9
Sedert Koch zijn eerste ondergrondse ideeën had gekregen waren er enige maanden verlopen. Het was nu hartje winter, een winter met veel regen en storm. De lange nachten waren vol gekletter, gebulder en gebonk, een tumult dat aan het storten van reusachtige massa’s puin deed denken. Deze vergelijking kwam bij geen van de inwoners op, maar wel bij een vreemdeling die in deze barre tijd het dorp bezocht. De vreemdeling heette Mr. J. A. van der Beek.

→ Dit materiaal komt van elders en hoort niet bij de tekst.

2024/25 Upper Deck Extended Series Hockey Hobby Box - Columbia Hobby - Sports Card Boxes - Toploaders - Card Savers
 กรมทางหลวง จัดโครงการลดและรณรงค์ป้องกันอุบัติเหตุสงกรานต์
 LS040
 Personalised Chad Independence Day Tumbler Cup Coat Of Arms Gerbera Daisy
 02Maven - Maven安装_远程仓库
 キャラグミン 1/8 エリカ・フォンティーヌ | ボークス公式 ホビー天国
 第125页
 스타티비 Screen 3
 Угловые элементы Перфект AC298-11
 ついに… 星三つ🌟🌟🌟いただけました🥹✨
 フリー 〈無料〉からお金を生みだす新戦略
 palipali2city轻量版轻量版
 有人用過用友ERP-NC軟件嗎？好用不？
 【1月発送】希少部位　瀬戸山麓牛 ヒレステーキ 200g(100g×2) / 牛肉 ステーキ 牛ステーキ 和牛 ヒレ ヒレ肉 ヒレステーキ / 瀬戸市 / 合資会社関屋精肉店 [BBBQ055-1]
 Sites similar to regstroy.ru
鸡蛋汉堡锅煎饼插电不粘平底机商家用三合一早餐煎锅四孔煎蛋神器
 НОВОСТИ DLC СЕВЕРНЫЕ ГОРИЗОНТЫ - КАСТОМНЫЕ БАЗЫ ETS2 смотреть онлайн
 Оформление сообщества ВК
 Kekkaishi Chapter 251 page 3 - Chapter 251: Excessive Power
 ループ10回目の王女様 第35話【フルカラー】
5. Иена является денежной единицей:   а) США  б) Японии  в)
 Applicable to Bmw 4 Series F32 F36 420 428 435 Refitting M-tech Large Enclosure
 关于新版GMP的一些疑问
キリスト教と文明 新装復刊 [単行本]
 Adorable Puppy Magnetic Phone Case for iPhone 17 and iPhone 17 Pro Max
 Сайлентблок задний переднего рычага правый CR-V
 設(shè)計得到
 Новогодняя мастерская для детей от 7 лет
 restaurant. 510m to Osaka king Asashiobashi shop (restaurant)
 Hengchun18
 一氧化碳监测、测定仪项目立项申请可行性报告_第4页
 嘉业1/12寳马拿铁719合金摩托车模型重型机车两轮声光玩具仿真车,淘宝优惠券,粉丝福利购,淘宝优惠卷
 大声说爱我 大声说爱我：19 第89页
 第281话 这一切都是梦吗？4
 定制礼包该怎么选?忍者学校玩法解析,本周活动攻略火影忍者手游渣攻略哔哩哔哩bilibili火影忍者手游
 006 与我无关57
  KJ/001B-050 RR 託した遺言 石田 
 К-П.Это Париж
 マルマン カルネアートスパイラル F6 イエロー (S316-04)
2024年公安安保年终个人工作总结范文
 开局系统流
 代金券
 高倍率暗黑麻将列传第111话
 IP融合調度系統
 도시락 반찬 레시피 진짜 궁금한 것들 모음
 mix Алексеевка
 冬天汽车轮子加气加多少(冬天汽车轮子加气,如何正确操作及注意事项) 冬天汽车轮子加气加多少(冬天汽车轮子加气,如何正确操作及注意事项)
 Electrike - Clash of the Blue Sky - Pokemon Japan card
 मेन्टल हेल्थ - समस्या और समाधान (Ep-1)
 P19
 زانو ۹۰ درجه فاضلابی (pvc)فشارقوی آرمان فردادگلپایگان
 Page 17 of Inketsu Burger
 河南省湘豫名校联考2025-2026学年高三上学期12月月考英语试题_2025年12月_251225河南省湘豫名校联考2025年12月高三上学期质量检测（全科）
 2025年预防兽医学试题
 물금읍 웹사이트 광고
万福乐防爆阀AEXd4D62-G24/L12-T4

Hij was niet onaangekondigd verschenen. Piet had Koch al een week van tevoren op de hoogte gesteld. Er moesten nu eindelijk spijkers met koppen geslagen worden. Dat klonk positief, maar het was, zoals de meeste boodschappen die Piet overbracht, vaag. Koch, die het hoe langer hoe meer moeite kostte zijn zelfbeheersing te bewaren, had wel begrip voor Van der Beeks methode: de spanning erin houden om de ernst van de zaak te beklemtonen. Maar al verheugde het hem dat straks wellicht iets van die spanning zou worden weggenomen, hij zag Van der Beeks komst toch met gemengde gevoelens tegemoet. Het was een grote gebeurtenis, zeer zeker. Er zou hem veel duidelijk worden dat tot nu toe schimmig was gebleven. Maar eigenlijk had hij niet verwacht dat Van der Beek hier ooit zelf zou komen. Waartoe anders een verbindingsman? En dit dorp was zijn, Kochs, onaantastbaar domein. Van der Beek mocht juridische knopen ontwarren, nationale en internationale contacten leggen, de ondergrondse hier ter plaatse was Kochs geesteskind en hij zelf zou er een tastbare gestalte aan geven.